Terceiro, enquanto a manutenção de cem mil crianças, com dois anos e mais velhas, não pode ser computada a menos de dez xelins por cabeça per annum, os recursos da nação seriam, por esta via, aumentados em cinquenta mil libras per annum, além do proveito de um novo prato poder ser apresentado às mesas de todos os cavalheiros de fortuna do reino com algum refinamento de gosto. E o dinheiro circulará entre nós, sendo os bens inteiramente de nossa produção e manufactura.

Quarto, os procriadores constantes, além do ganho de oito xelins esterlinos per annum pela venda de cada filho, ficarão livres do fardo de ter que os sustentar além do primeiro ano.

Quinto, este alimento iria igualmente trazer grande comércio às tabernas.
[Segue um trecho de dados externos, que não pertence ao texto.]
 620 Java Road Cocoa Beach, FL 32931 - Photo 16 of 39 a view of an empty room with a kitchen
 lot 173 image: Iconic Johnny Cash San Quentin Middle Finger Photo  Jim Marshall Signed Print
Aí, os taberneiros serão seguramente tão previdentes quanto a procurar as melhores receitas para temperar a carne na perfeição e, consequentemente, ver as suas casas frequentadas por todos os cavalheiros finos, que se avaliam justamente a si próprios quanto ao seu conhecimento em boa comida: e um cozinheiro
habilidoso, que sabe como dar prazer aos seus convidados, arranjaria maneira de a tornar tão cara quanto lhe apetecesse.

Sexto, isto seria um grande incentivo ao casamento, que todas as nações sábias pretendem encorajar seja com recompensas, seja obrigando-o com leis e penalidades. Aumentaria o cuidado e ternura das mães para com os seus filhos, pois ficariam seguras de terem arranjado um emprego para toda a vida para os pobres bebés e, de certa forma, serem providas pelo público para o seu ganho anual, em vez de terem despesas. Veríamos uma emulação honesta entre as mulheres casadas, sobre qual delas poderia produzir a criança mais gorda para o mercado. Os homens ficariam a gostar tanto das suas mulheres durante o tempo da gravidez como gostam agora das suas éguas prenhas, das vacas com crias, das porcas prontas a parir – nem se proporiam bater-lhes ou dar-lhes pontapés (como é prática tão frequente) com medo de um aborto.
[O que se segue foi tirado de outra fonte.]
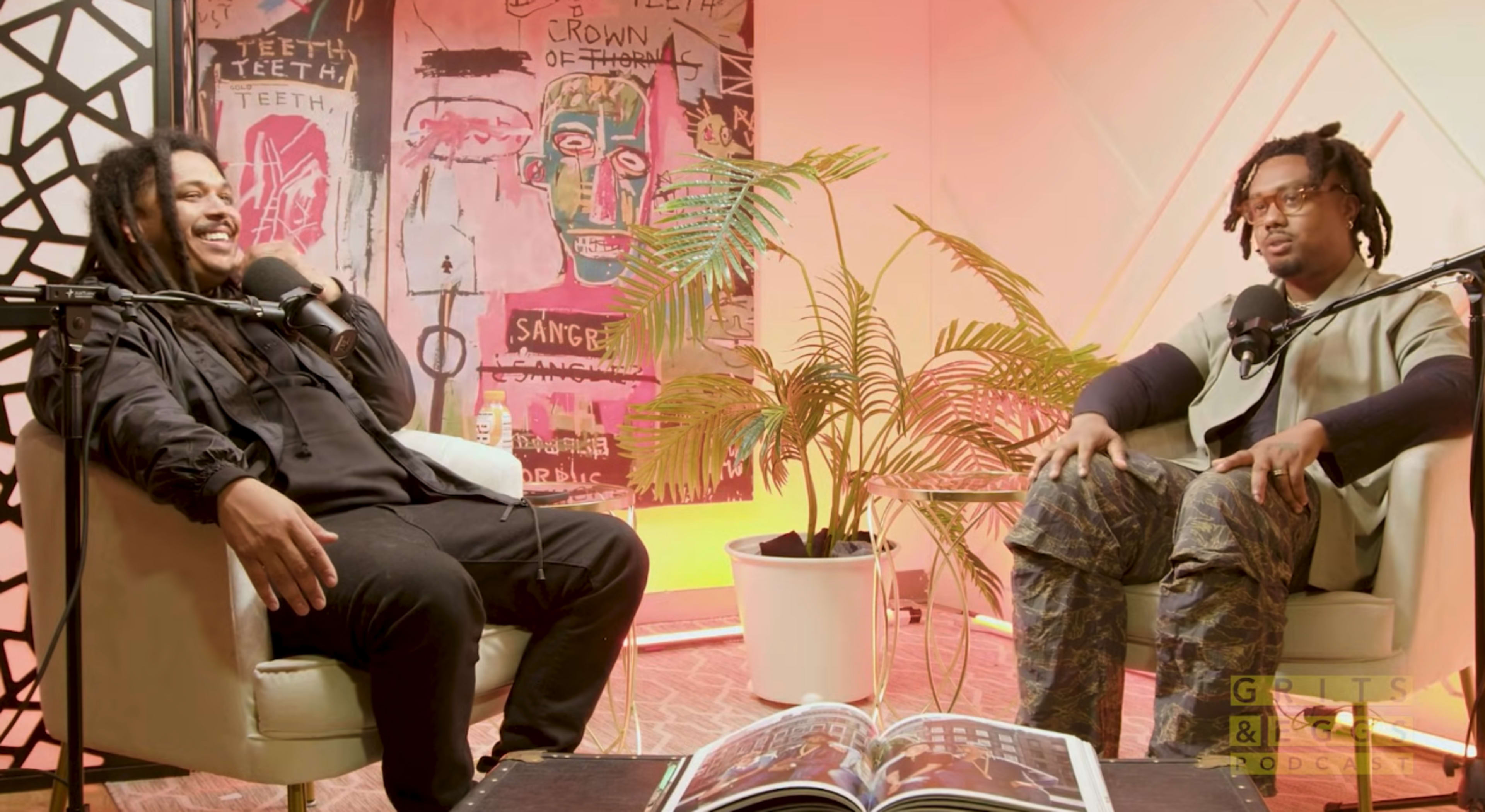 Two men sit in armchairs in a brightly lit room adorned with colorful artwork, engaged in conversation while a potted plant sits between them.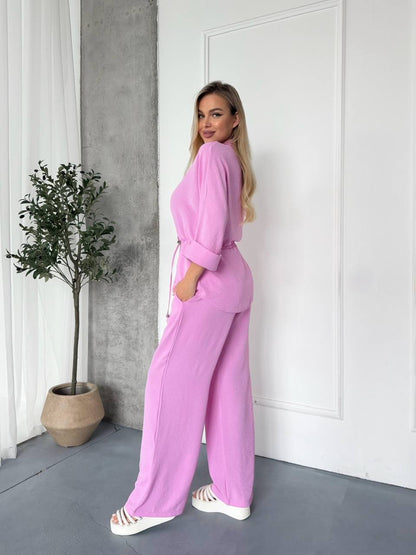 Woman in a pink outfit standing in a room with a plant and white door.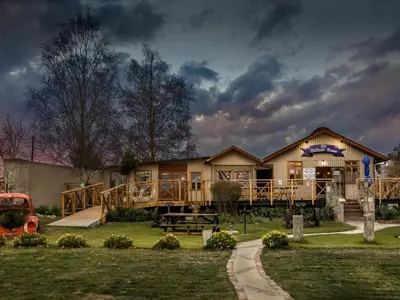 a large house with a porch and a playground at John Jack Inn Accommodation in Lake Chrissie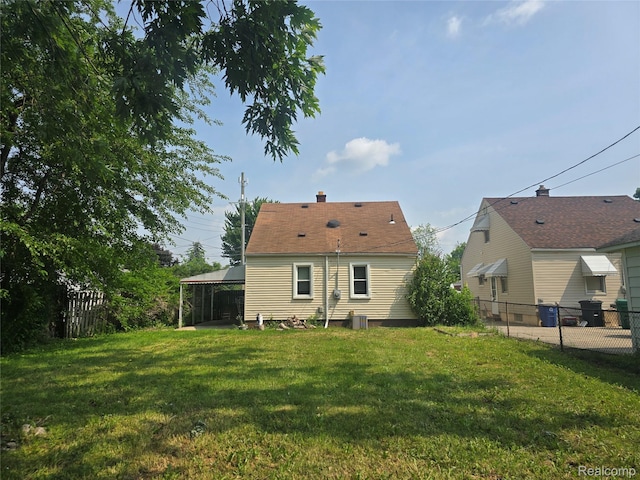29263 Barton St, Garden City, MI 48135 - rear view of house with a fenced backyard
Muitas outras vantagens poderiam ser enumeradas. Por exemplo, a adição de cerca de mil carcaças à nossa exportação de carne salgada; a propagação da carne de porco; e a melhoria da arte de fazer bom fiambre – tão requisitado entre nós e demasiado frequente nas nossas mesas – a provocar a destruição de porcos os quais, de modo algum são comparáveis em gosto, ou magnificência, a uma criança de um ano, bem alimentada e gorda que, assada inteira, faria bela figura numa festa do presidente da câmara, ou em qualquer entretenimento público. Mas esta e muitas outras omito, sendo um adepto da brevidade.

* * * * *

Apesar de tudo, não estou assim tão fortemente agarrado à minha opinião que rejeite qualquer oferta feita por homens sábios, que possa ser considerada igualmente inocente, barata, fácil e eficaz.

Mas, antes que qualquer coisa desse tipo seja aventada em contradição à minha proposta e oferecendo melhor, desejo ao autor ou autores que façam o favor de considerarem atentamente dois pontos:

Primeiro, dado o estado das coisas neste momento, como serão capazes de encontrar comida e roupa para cem mil bocas e membros inúteis.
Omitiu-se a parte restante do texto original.